Your goal ->
How many lines of the data contain the word "Design"? Give only that number.

_____

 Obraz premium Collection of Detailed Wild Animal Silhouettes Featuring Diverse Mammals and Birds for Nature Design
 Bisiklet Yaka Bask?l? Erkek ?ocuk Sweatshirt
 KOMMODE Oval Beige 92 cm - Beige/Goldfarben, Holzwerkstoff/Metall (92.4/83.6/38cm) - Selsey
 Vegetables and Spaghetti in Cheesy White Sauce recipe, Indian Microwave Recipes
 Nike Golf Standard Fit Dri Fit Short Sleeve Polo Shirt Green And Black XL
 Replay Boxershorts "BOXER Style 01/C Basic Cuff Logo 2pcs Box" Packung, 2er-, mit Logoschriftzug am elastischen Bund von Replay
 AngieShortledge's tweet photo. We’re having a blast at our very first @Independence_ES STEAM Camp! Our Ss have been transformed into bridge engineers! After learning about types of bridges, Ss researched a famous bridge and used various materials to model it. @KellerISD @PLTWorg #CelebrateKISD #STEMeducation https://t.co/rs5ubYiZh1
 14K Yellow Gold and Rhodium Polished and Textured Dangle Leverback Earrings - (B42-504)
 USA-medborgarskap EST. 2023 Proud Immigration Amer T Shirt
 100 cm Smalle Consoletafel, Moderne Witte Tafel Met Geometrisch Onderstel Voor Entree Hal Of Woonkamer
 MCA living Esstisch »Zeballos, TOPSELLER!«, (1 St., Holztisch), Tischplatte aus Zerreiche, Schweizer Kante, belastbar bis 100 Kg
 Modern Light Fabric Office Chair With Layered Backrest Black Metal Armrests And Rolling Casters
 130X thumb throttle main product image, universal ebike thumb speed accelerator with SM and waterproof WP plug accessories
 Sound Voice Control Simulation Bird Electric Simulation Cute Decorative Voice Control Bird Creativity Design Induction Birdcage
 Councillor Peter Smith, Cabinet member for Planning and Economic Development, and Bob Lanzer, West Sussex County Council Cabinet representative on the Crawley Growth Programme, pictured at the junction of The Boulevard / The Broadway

_____

Solution to this task ->
2